Nos propone un juego muy godardiano desnudando de forma muy radical los mecanismos cinematográficos más básicos: un narrador omnisciente que se equivoca y se traba, mezclas de voces en off que cuesta diferenciar muchas veces, saltos de eje, cambios de luz dentro de secuencias, colores irreales, ralentizados exagerados… Por no hablar del plano del bolso volando que roban a la protagonista al inicio de la película, y que es el desencadenante de todo lo que viene después (robar y volar en francés son homónimos: voler). O de la escena del falso final en la que los protagonistas se besan y aparece un cartelón parpadeante de «FIN» con la música de una reconocida mayor estadounidense de fondo. En ocasiones hasta el montaje rechina, cortando movimientos de planos de manera abrupta seguidos de planos fijos. Resnais hace todo aquello que se supone que son errores, rompe con todas esas reglas que se establecieron como la forma correcta de narrar una película, y los da la vuelta. Encuentra la coherencia narrativa a través de todos estos elementos supuestamente erróneos y aparentemente incoherentes.

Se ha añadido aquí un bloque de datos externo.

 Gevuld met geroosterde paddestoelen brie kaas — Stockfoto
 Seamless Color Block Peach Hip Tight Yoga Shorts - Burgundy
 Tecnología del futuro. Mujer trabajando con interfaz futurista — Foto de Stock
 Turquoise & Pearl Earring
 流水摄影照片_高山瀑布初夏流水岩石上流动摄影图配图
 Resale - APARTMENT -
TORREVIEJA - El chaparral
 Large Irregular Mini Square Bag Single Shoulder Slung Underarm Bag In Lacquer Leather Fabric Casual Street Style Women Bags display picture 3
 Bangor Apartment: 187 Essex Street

Y la descripción de los personajes sigue esa misma línea de irrealidad. Georges Palet (André Dussollier) está casado con una mujer mucho más joven, y se enamora de Marguerite Muir (Sabine Azéma), una dentista de avanzada edad, al encontrar su bolso en un aparcamiento y descubrir que es piloto de aviones. Él profesa un amor incondicional por la aviación y su mayor heroína es la aviadora Hélène Boucher; en esa escena en la que se enamora al ver su fotografía, pasan dos jóvenes y preciosas mujeres por el aparcamiento, y en el off Georges dice odiarlas porque han conseguido excitarle y fijar su atención por llevar esos pantalones ajustados. Es esta dicotomía de amar lo nuevo y lo viejo lo que mueve al protagonista, que al igual que la película es muy moderna en su concepción y a su vez se remite constantemente a referencias del cine clásico.

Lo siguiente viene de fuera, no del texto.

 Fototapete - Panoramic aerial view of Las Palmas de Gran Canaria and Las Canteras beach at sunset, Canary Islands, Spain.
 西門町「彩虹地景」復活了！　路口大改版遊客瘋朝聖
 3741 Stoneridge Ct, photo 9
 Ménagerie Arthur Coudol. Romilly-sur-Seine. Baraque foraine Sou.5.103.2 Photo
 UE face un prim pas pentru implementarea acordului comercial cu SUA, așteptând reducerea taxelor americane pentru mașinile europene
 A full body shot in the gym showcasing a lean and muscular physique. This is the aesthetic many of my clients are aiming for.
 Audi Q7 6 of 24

Aunque la escena que verdaderamente condensa el espíritu de la película es el primer encuentro físico entre sus protagonistas: Georges sale de un cine en el que ha visto Los puentes de Toko-Ri (Mark Robson, 1954), y esa calle por la que transitan y el café al que acuden luego se convierten en el escenario perfecto para dar rienda suelta a ese deseo que tanto ansiaba Georges, la irrealidad de la puesta en escena es total, y sus ecos cinematográficos son completamente distintos ya que por un lado recuerda a la escena de Vertigo en la que James Stewart espera a Kim Novak y por otro lado tiene mucho del cine de Wong Kar-Wai, lo viejo y lo nuevo otra vez, y representado también por el cine y la ciudad; y sin embargo, rodeado de ese ambiente, él reacciona de forma negativa y rechaza a Marguerite. Y le explica el por qué: «Al salir del cine nada puede sorprenderte, puede suceder cualquier cosa..».